Exercise instructions |
Please copy the lines below exactly, from the first one through the line showing "米白色蕾丝拼接套装裙女202".
━━━━━ Data
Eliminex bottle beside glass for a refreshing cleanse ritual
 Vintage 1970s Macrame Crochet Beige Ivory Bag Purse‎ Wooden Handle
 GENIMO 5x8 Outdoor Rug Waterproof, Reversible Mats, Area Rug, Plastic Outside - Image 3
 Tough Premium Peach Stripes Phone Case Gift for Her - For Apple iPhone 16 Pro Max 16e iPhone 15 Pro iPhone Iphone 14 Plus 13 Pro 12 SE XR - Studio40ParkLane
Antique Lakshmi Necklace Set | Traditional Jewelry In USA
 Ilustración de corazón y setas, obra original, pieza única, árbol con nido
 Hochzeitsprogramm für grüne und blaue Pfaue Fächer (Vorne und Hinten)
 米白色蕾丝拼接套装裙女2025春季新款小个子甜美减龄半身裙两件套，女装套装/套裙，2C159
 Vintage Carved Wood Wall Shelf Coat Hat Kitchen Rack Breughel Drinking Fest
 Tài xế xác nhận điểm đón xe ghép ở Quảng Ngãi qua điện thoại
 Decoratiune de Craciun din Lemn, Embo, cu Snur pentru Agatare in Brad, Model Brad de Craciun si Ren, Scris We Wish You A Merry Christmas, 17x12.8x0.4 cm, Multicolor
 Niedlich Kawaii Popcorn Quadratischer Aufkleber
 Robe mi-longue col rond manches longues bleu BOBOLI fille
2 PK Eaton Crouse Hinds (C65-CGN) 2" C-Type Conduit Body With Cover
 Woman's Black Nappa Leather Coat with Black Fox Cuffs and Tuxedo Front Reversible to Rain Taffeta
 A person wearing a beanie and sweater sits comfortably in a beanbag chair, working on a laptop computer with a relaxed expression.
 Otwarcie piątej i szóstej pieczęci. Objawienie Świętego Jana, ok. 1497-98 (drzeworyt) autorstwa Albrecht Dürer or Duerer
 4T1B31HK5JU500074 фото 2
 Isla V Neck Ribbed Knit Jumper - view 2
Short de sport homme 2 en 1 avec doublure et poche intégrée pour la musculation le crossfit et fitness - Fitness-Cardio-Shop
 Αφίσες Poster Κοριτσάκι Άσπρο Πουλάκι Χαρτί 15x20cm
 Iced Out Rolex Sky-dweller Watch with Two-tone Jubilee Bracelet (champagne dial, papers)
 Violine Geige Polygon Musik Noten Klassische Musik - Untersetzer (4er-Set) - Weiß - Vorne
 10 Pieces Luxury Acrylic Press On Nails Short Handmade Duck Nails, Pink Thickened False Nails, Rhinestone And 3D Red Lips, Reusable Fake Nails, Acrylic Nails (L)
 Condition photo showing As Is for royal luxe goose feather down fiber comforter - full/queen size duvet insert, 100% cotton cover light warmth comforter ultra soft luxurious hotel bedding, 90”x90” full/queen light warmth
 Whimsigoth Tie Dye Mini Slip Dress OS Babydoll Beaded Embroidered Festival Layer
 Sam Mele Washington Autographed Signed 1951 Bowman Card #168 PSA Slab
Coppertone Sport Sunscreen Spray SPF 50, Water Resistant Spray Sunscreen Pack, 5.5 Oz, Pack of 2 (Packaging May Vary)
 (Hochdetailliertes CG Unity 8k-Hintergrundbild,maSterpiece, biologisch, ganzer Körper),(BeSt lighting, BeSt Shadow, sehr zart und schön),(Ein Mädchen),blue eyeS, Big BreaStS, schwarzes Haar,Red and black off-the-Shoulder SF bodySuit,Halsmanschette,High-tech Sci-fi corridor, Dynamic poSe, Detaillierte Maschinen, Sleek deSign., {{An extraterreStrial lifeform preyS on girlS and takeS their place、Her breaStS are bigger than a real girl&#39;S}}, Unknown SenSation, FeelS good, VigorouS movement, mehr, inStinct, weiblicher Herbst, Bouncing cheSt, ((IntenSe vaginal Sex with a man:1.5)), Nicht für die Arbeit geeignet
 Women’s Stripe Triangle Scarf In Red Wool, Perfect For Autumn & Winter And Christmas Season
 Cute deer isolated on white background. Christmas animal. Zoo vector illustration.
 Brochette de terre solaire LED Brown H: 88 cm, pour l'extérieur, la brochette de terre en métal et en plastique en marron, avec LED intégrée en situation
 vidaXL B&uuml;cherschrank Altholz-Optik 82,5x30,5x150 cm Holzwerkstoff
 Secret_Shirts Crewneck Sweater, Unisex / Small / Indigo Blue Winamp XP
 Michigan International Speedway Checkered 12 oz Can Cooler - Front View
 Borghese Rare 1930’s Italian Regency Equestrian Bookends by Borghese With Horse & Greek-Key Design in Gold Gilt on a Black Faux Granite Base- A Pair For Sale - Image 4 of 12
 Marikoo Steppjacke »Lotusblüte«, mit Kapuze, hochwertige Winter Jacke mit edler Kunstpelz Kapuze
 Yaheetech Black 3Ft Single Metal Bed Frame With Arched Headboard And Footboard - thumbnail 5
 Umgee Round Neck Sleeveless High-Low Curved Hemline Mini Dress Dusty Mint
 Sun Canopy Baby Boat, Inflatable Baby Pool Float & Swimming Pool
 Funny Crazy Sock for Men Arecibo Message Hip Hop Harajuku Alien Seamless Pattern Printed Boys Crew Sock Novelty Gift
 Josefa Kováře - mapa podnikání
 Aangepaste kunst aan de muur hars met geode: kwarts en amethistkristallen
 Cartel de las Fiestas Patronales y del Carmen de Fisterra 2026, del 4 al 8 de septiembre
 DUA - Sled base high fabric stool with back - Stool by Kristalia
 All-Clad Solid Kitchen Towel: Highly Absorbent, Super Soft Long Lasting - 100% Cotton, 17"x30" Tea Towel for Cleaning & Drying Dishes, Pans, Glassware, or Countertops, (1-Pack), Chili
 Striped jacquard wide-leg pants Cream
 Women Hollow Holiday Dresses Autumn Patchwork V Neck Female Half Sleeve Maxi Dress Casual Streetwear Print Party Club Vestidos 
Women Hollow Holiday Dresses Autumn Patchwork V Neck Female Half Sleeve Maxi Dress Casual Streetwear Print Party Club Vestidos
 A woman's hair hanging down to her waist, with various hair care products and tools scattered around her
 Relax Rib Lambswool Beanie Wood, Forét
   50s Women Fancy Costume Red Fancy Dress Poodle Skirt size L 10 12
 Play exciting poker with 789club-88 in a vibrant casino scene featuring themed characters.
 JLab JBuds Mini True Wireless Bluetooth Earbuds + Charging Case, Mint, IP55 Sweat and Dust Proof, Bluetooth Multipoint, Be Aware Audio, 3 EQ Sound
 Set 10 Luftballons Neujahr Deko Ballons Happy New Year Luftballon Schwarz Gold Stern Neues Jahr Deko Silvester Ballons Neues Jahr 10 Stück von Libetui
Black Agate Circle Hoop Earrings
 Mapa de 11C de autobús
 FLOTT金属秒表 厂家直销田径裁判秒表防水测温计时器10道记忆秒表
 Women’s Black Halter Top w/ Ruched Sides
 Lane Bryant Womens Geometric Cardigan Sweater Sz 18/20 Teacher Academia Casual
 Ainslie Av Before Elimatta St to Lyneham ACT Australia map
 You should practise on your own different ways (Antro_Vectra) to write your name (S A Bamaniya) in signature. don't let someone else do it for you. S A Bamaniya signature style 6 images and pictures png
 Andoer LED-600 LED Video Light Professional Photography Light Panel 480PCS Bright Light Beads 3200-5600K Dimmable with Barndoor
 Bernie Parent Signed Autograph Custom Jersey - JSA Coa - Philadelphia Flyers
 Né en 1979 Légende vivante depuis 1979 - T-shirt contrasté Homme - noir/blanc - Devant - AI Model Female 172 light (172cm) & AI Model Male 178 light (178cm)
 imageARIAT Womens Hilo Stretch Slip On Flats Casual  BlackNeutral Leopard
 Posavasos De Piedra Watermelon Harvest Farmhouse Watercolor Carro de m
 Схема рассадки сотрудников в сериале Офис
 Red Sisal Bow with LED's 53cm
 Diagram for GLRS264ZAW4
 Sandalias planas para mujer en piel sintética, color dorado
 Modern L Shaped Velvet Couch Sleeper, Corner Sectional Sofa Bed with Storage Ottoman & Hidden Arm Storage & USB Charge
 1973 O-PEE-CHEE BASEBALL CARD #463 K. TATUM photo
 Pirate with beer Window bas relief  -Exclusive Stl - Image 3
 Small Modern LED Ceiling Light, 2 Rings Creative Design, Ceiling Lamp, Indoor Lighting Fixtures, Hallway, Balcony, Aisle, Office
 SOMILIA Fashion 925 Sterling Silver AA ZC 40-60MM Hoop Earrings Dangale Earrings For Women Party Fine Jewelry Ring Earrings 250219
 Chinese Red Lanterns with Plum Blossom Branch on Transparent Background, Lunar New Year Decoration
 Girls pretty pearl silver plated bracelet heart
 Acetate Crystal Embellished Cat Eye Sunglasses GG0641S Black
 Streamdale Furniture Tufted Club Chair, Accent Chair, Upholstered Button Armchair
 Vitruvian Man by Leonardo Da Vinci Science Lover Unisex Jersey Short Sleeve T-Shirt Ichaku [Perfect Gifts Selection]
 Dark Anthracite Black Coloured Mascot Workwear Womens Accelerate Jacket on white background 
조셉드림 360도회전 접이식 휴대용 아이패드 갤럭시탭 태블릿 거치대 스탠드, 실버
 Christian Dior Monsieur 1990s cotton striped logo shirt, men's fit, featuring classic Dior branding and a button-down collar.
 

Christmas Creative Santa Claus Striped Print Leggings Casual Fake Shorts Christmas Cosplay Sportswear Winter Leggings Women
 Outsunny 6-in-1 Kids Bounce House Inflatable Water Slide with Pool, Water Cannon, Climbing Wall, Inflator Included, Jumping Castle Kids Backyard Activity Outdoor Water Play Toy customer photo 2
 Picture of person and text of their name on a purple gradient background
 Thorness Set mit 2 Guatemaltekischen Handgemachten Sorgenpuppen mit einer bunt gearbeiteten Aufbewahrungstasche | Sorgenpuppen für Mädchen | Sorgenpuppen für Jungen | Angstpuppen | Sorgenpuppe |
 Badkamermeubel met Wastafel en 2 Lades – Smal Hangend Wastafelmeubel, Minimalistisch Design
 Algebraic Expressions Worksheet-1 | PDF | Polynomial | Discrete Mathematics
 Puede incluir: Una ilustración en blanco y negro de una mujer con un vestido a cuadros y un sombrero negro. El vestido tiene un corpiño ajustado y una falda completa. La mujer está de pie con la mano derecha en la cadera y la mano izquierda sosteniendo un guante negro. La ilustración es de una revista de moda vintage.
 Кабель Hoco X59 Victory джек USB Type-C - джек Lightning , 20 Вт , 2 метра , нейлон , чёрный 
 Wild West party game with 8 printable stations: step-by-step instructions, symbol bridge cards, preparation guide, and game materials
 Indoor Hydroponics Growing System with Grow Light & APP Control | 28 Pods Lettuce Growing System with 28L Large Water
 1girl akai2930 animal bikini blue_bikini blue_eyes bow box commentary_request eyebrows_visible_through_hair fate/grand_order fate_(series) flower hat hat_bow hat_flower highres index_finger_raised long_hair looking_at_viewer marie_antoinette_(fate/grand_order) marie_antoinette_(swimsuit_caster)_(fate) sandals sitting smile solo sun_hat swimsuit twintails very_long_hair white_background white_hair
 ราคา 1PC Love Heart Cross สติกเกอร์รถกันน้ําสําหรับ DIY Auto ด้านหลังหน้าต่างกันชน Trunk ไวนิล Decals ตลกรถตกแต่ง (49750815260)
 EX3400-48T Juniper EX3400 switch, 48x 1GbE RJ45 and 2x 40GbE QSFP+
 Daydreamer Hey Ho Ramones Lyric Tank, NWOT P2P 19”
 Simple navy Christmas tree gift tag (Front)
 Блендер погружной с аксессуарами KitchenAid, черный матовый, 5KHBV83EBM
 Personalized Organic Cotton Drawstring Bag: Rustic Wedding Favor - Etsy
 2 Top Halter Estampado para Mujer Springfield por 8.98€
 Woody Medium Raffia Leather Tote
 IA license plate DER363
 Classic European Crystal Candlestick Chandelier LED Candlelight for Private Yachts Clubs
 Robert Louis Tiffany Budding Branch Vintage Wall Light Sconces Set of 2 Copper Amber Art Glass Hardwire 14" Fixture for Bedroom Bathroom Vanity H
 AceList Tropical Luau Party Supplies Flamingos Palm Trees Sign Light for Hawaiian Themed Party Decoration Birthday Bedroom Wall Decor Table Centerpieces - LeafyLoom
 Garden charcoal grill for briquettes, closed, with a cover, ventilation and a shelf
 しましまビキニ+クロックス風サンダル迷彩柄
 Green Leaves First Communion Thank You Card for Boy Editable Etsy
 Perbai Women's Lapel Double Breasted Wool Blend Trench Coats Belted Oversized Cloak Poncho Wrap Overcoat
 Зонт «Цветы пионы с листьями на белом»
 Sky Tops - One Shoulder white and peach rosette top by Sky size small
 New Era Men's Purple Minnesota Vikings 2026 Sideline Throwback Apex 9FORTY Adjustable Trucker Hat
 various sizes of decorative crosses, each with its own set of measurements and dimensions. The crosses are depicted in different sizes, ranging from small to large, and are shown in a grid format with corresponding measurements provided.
━━━━━━━━━━
Answer to the exercise |
Eliminex bottle beside glass for a refreshing cleanse ritual
 Vintage 1970s Macrame Crochet Beige Ivory Bag Purse‎ Wooden Handle
 GENIMO 5x8 Outdoor Rug Waterproof, Reversible Mats, Area Rug, Plastic Outside - Image 3
 Tough Premium Peach Stripes Phone Case Gift for Her - For Apple iPhone 16 Pro Max 16e iPhone 15 Pro iPhone Iphone 14 Plus 13 Pro 12 SE XR - Studio40ParkLane
Antique Lakshmi Necklace Set | Traditional Jewelry In USA
 Ilustración de corazón y setas, obra original, pieza única, árbol con nido
 Hochzeitsprogramm für grüne und blaue Pfaue Fächer (Vorne und Hinten)
 米白色蕾丝拼接套装裙女2025春季新款小个子甜美减龄半身裙两件套，女装套装/套裙，2C159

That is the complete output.